Jeff's Response and the Revert
Jeff Davis (committer, owner of most recent locale work) accepts the argument immediately. The tradeoff calculus changes once the -1 sentinel is framed as blocking a security/correctness tool rather than merely being slightly ugly: matching ICU's API is a weak justification, while enabling better UBSan coverage across every collation call site is a strong one.
The follow-up patch reverts the -1 convention, requiring all callers to pass a real length. Jeff notes the one real cost: backport friction. Locale code has had a steady stream of fixes (collation version mismatches, ICU upgrades, libc locale handling), and reverting a signature change creates churn that complicates cherry-picks across branches. This is accepted as worth the price.
Key Technical Insights
The vtable design is the right home for the "NUL-terminated fast path"
The original justification — avoiding a copy when libc gets a NUL-terminated string — is legitimate. The architectural answer is not to overload the length parameter but to expose two method slots. A provider that can exploit NUL-termination (libc) publishes both; a provider that cannot or does not care (ICU, where the underlying call already takes a length) publishes only the length-taking variant. This preserves the invariant that a size_t/ssize_t length parameter always bounds the access.
Sentinel lengths are hostile to memory-safety tooling
This is a generalizable lesson for PostgreSQL: any internal API that uses an in-band sentinel (-1, (size_t)-1, 0 meaning "unknown") in a length parameter forecloses the use of compiler access annotations and degrades UBSan/fortify-source coverage. As PG invests more in sanitizer-based CI (Andres has been a primary driver here), these sentinels become a liability.

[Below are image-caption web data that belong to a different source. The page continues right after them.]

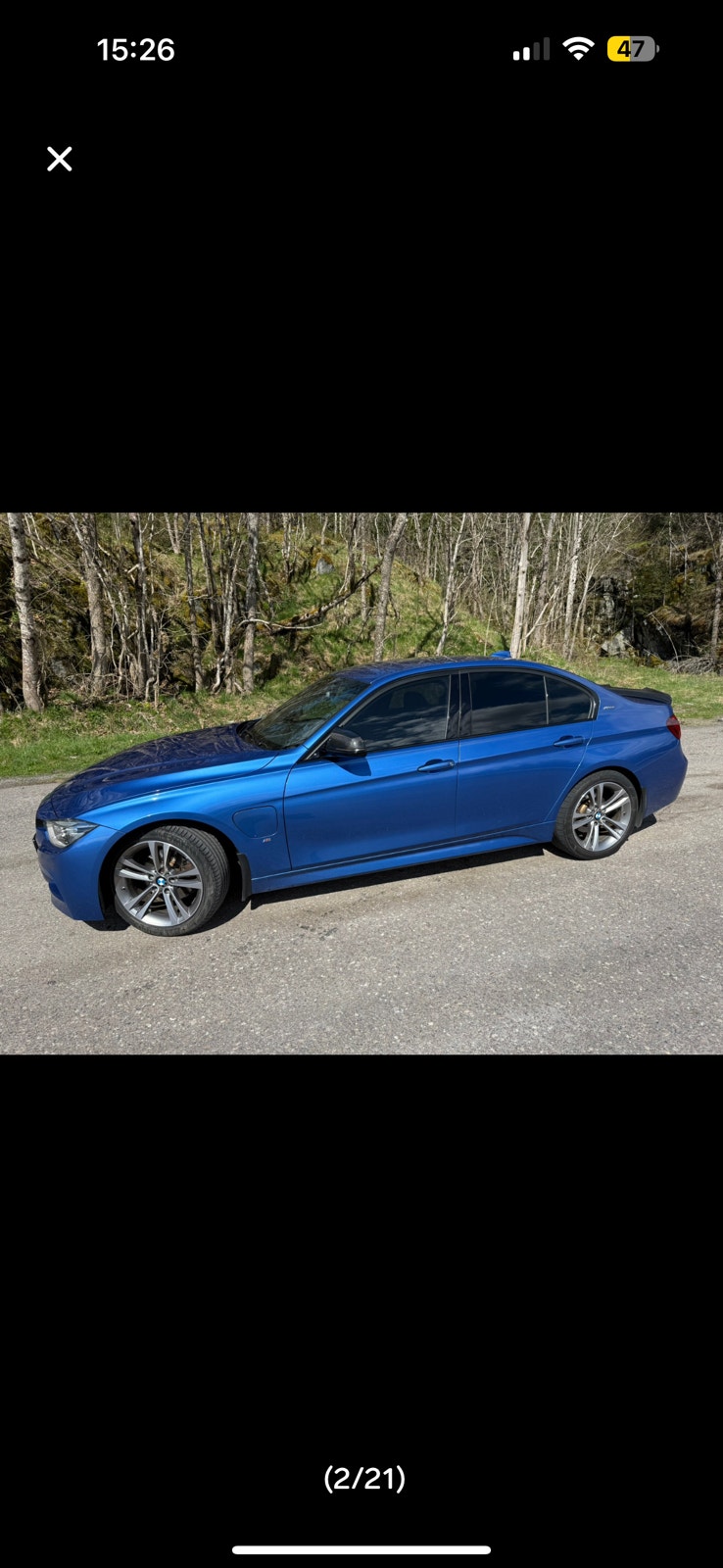 BMW 330e Sedan Steptronic, 252hp, 2018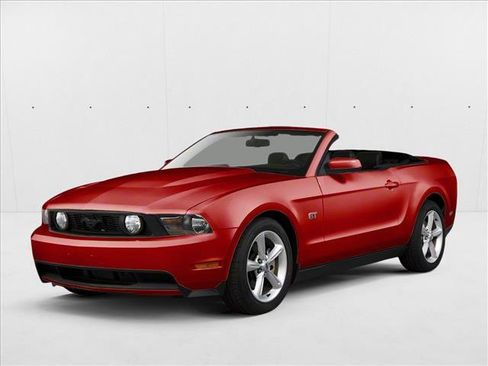 Used 2011 Ford Mustang Convertible w/ Security Pkg RWD image 1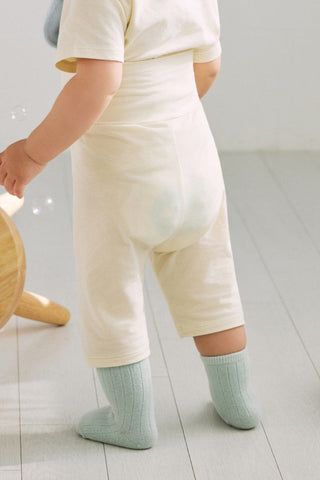 ウルトラライト ハイウエストクロップドレギンス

Incremental refactoring toward pluggable providers
Jeff's broader plan — pg_locale_t as a method-table handle, eventually a CREATE LOCALE PROVIDER DDL with handler functions — parallels how CREATE ACCESS METHOD generalized heap/index AMs. The refactoring in this thread (and others) is preparatory: pushing provider-specific branching out of the call sites and into a dispatch table. Once the dispatch is clean, the step from "hard-coded libc/ICU/builtin dispatch" to "extension-provided dispatch" is mostly a matter of replacing char datlocprovider with an OID and adding a handler contract.
datlocprovider as OID
The suggestion to make datlocprovider an OID is substantive: it means collation providers become first-class catalog objects with dependency tracking, pg_depend entries, and the ability to be shipped by extensions. This would be a catalog-visible change (pg_database column type) requiring pg_upgrade consideration, which is why Jeff mentions it only as direction, not as an immediate proposal.
Participant Dynamics
- Jeff Davis owns the locale refactoring effort and is driving toward pluggable providers. He proposed the
-1convention and accepted its reversal without pushback once presented with the tooling argument. - Andres Freund intervenes not on the refactoring's direction (which he implicitly endorses via the
strcollvsstrncollmethod-slot suggestion) but on a specific API choice that collides with his orthogonal work on access-range annotations. His review functions as a forward-looking constraint: "design the vtable so that lengths remain lengths."
Timeline Note on Dates
The thread spans an unusually long period: initial post August 2024, follow-up patch September 2024, Andres's objection May 2026, Jeff's revert May 2026. The ~20-month gap suggests the original patch was committed and lived in tree, and Andres's objection arose only when his annotation work actually encountered the -1 sentinel in practice — reinforcing that the problem was not predicted a priori but discovered through tool development.